_DATASET ENTRIES_
━━━━━━
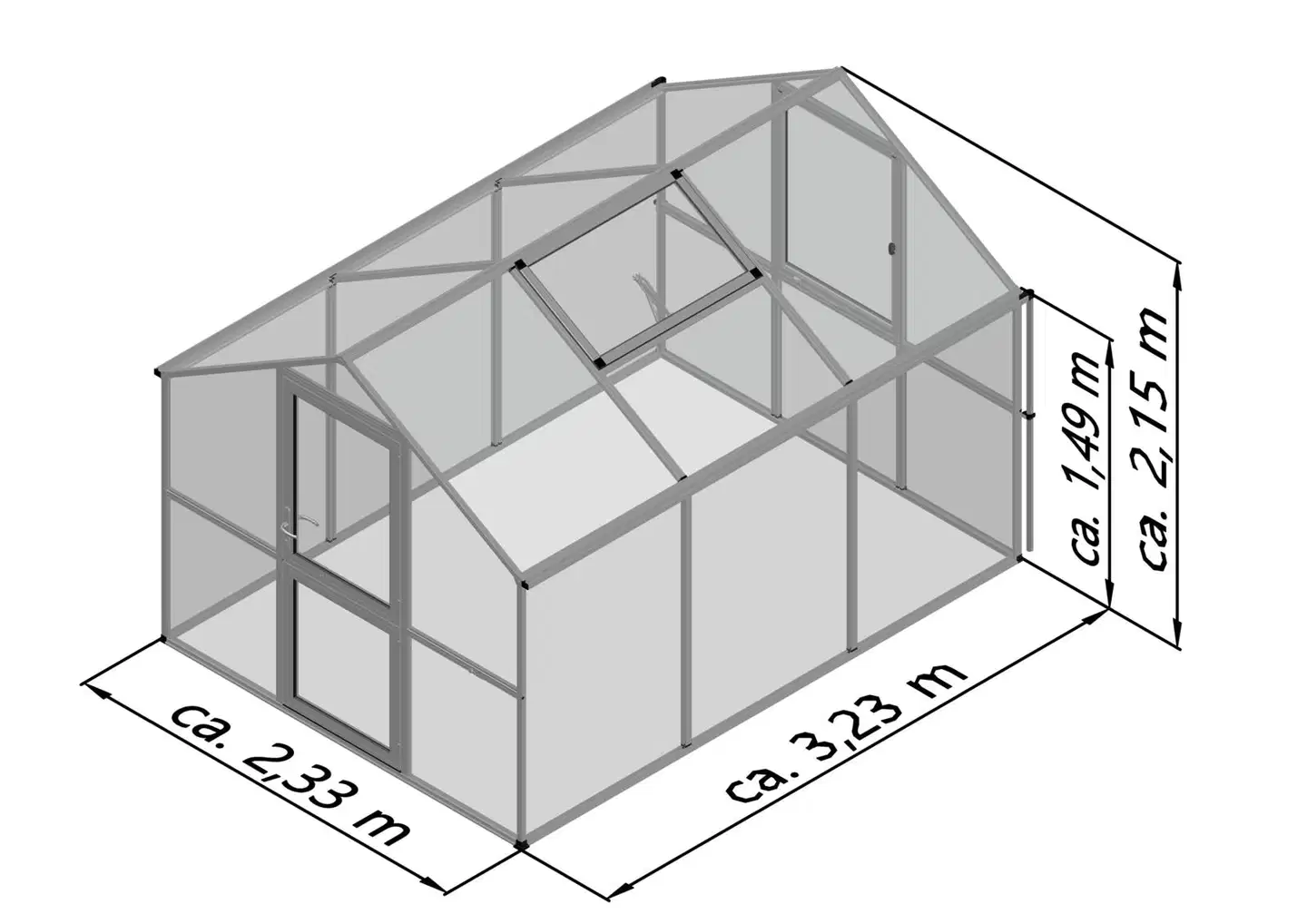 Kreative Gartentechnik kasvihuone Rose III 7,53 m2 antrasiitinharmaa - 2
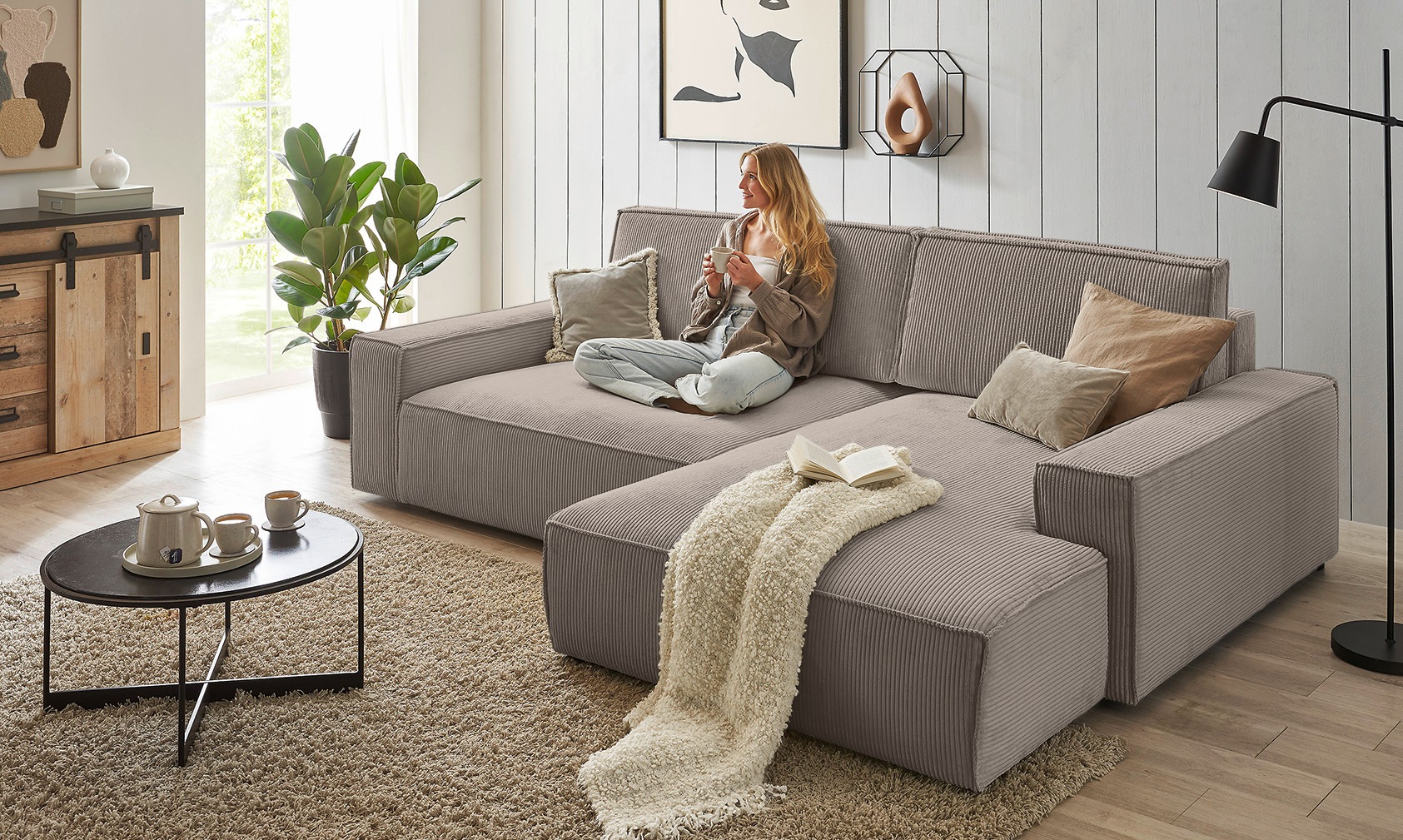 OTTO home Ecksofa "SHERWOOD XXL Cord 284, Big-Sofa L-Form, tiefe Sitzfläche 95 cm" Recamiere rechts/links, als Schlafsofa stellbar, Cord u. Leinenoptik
━━━━━━
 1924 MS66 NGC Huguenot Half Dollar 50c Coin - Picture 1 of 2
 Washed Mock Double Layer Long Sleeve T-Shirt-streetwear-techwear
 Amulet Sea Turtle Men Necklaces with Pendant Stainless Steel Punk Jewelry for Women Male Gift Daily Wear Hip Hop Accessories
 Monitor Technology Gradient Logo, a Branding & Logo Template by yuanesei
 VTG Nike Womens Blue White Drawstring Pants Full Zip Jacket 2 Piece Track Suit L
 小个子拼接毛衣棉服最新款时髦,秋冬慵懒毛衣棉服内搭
━━━━━━
_PROBLEM DESCRIPTION_
Take the material above and output only the lines from the one that contains "Kreative Gartentechnik kasvihuone" through the one that contains "OTTO home Ecksofa", ends included and images left out.

_EXERCISE OUTPUT_
 Kreative Gartentechnik kasvihuone Rose III 7,53 m2 antrasiitinharmaa - 2
 OTTO home Ecksofa "SHERWOOD XXL Cord 284, Big-Sofa L-Form, tiefe Sitzfläche 95 cm" Recamiere rechts/links, als Schlafsofa stellbar, Cord u. Leinenoptik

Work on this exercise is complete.